Forums

Process pid not found?

Not sure where I'm going wrong here (using 3.3):

    pid = os.getpid()
    p = psutil.Process(pid)

Works OK in WinXP, but fails with 'no process found with pid 1351' (an example value) on PA.

Ta, Jim

Traceback (most recent call last):
File "/usr/local/lib/python3.3/dist-packages/psutil/_pslinux.py", line 430, in wrapper
return fun(self, *args, **kwargs)
File "/usr/local/lib/python3.3/dist-packages/psutil/_pslinux.py", line 560, in get_process_create_time
f = open("/proc/%s/stat" % self.pid)
FileNotFoundError: [Errno 2] No such file or directory: '/proc/1509/stat'

During handling of the above exception, another exception occurred:

Traceback (most recent call last):
File "/usr/local/lib/python3.3/dist-packages/psutil/__init__.py", line 158, in __init__
self.create_time
File "/usr/local/lib/python3.3/dist-packages/psutil/_common.py", line 80, in __get__
ret = self.func(instance)
File "/usr/local/lib/python3.3/dist-packages/psutil/__init__.py", line 378, in create_time
return self._platform_impl.get_process_create_time()
File "/usr/local/lib/python3.3/dist-packages/psutil/_pslinux.py", line 437, in wrapper
raise NoSuchProcess(self.pid, self._process_name)
psutil._error.NoSuchProcess: process no longer exists (pid=1509)

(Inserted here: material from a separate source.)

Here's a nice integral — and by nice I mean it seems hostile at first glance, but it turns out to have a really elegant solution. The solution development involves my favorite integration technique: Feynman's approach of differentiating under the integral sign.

I don't think that's going to work on PythonAnywhere, at least as the system is right now.

Your processes can actually be running on any one of quite a large cluster of machines, so normal Linux process management doesn't work for almost any normal case. Of course, in your specific case, because you're trying to get the details of the current process, it is guaranteed to be running on the same machine as itself, but we've been avoiding adding support for the process module just because we think it would be a bad idea to provide something that sometimes worked but normally didn't.

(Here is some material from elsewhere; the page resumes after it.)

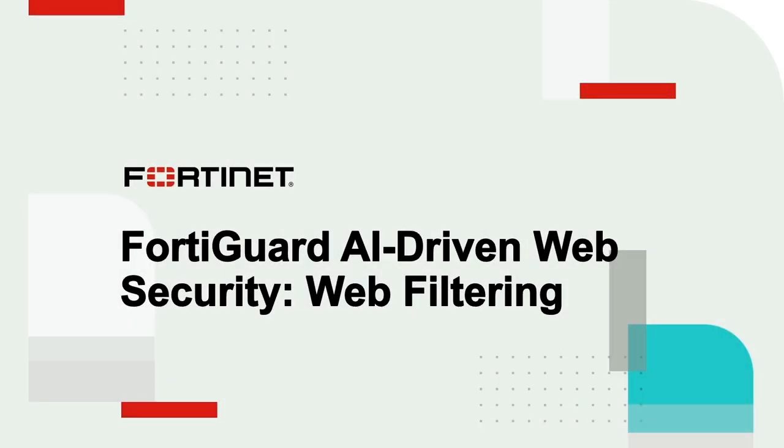Hello everyone. In this series, I'll be presenting the FortiGuard AI driven web security subscription.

Perhaps there's some other way to get the information you need -- what are you trying to get the psutil.Process object for?

Many thanks Giles.

I'm pretty sure there's an easier way to do what I want anyway - I just want to check in a Scheduled job whether or not a program is already running (and restart it if it isn't).

So I was going to look at other processes and see if there was a 'python3.3' running the same file.

What's a better PA pattern for this please?

Jim

I assume the program you want to be running is one that you normally run from a console?

The best thing to do is probably to convert it to be run by a scheduled task, which runs once an hour or once a day, and either (re)launches the job if it's not running, or just quits if it is already running.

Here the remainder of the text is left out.